While 70+ women like Musk are having a bit of a moment in beauty and fashion campaigns, those aged 35-69 are still largely ignored. Despite adorning the cover of Sports Illustrated, bathing suit endorsement deals, and a $10 million net worth, Graham is still pegged solely as a ‘plus-sized model’. And, recently, astronaut Anne McClain missed out on the world’s first all-female spacewalk because NASA didn’t have a suit in her size (medium, if you must know).

If NASA (NASA!!) can’t get its shit together, it’s hard to believe that the majority of fashion labels will be expanding their design priorities any time soon. Here’s why:

 

1) The fantasy factor.

 Karl
The Local


Karl Lagerfeld (RIP) once famously said, “No one wants to see curvy women”. While we’re not knocking Karl’s creative talents, we couldn’t disagree more.

Sure, it’s in a designer’s best interest for their pieces to look as good as possible on the person wearing them, but who decided that person needs to be a clothes hanger, i.e. tall, size 2, with boyish hips and a flat chest? The average American woman fits a size 16 dress and wears a D-cup bra. If she wants something pretty to wear, she’s probably not going to find it at her local Banana Republic.


2) Men run things. 

Harpers Bazaar
Harper Bazaar 

 

Did you know that women lead less than 20% of major fashion labels? That means that 80% of what we’re wearing is made by someone who has no clue what it feels like to actually wear it.

Props to designer Christian Siriano who enthusiastically created dresses for a whopping 11 non-coat-hanger bodies, but for the most part what we see being sent down runaways and red carpets would never fit the average hard-working female.

 

3) Designing clothes for real women is considered selling out.


QVC

 

Let’s face it. Fashion is a tough business. After his company went bust in the late nineties, designer Isaac Mizrahi started making clothes for Target and then QVC because, "I don't want women to feel like they are too fat or too poor for my clothing. " Fashion snobs were aghast. Designing for the masses (aka most women) will never be haute couture, or get you the cover of Vogue magazine.

 

4) Tailoring pieces for boobs and hips is expensive.

fashion runway models

Back when our grandmothers were gadding about looking young and hot, most of their clothing was tailored. Pieces took longer to make, but they lasted longer too. In the 1940’s, clothes started to be sold off-the-rack. This meant that the average women had to fit into the clothes, instead of the other way around. And so it began.

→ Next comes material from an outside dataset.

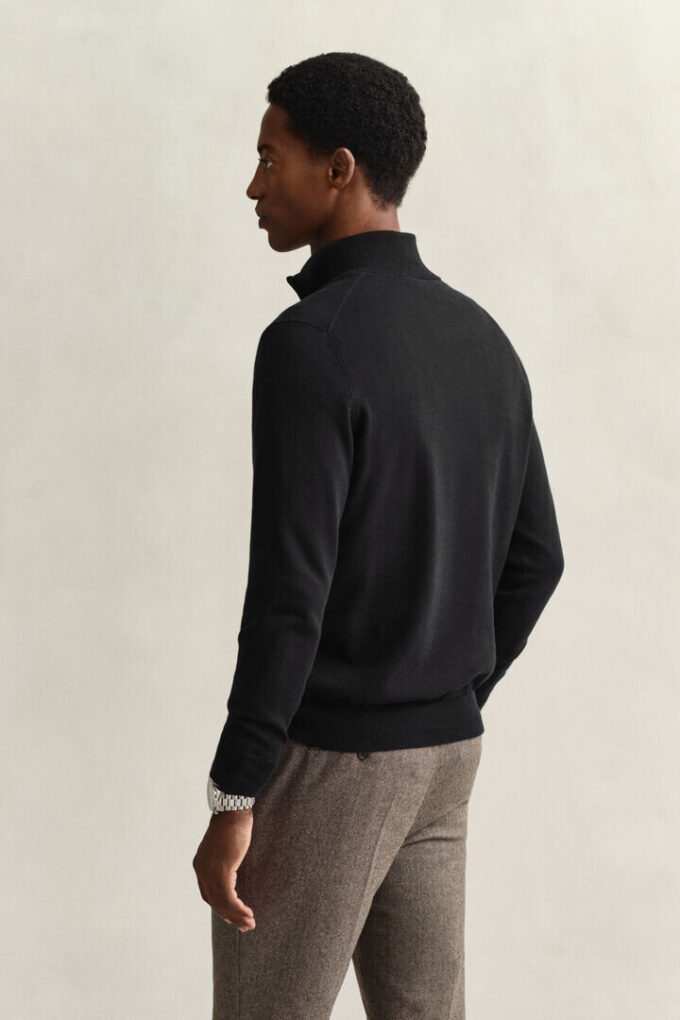 Camisola clássica de algodão com meio fecho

In today’s era of throwaway fashion, taking time to design pieces that are crafted using quality fabric just isn’t considered profitable. More fabric costs more money, and why spend hours on good, well-fitting design when you can mass-produce at a factory in Bangladesh and sell for a mega mark-up? Unfortunately the loser here (aside from the low-paid factory worker with zero rights and Mother Earth) is any woman who isn’t the size of a fit model. 

Fashion is a $2.4 trillion industry and it wants to stay that way.

 

5) Real bodies are a novelty act.

Picture this scene: 

Designer sends non-size-0, white-haired, or non-able-bodied person down runway.
Designer hailed by media as “trailblazing” and “cutting edge”.
Said-model is called “brave” and “inspiring”.
Everything goes back to how it was before.
The end.

 

Kudos to any brand that moves away from gender and body normative clothing, but after all the token fawning has died down, most designers go straight back to focusing on size 00 to 6, ‘nude’ tank tops, and bondage-style dresses sold as workwear.

"I’m so excited that (plus-size women are) finally getting a seat at the table, but it’s exhausting to have to always talk about how 'brave' you are for getting into a bikini because your cellulite is hanging out." – Ashley Graham

Celebrating body diversity in fashion shouldn’t be big news, it should be old news.

Sure there’s been a little shift, but we’re pretty sure Sisyphus found it easier to push that boulder up the mountain. When 99.9% of female consumers are not fitting into or feeling good wearing the clothes being presented by the fashion industry, this isn’t just a problem, it’s an insult. And one that this industry, with all its billions and influence, has more than enough power to do something about.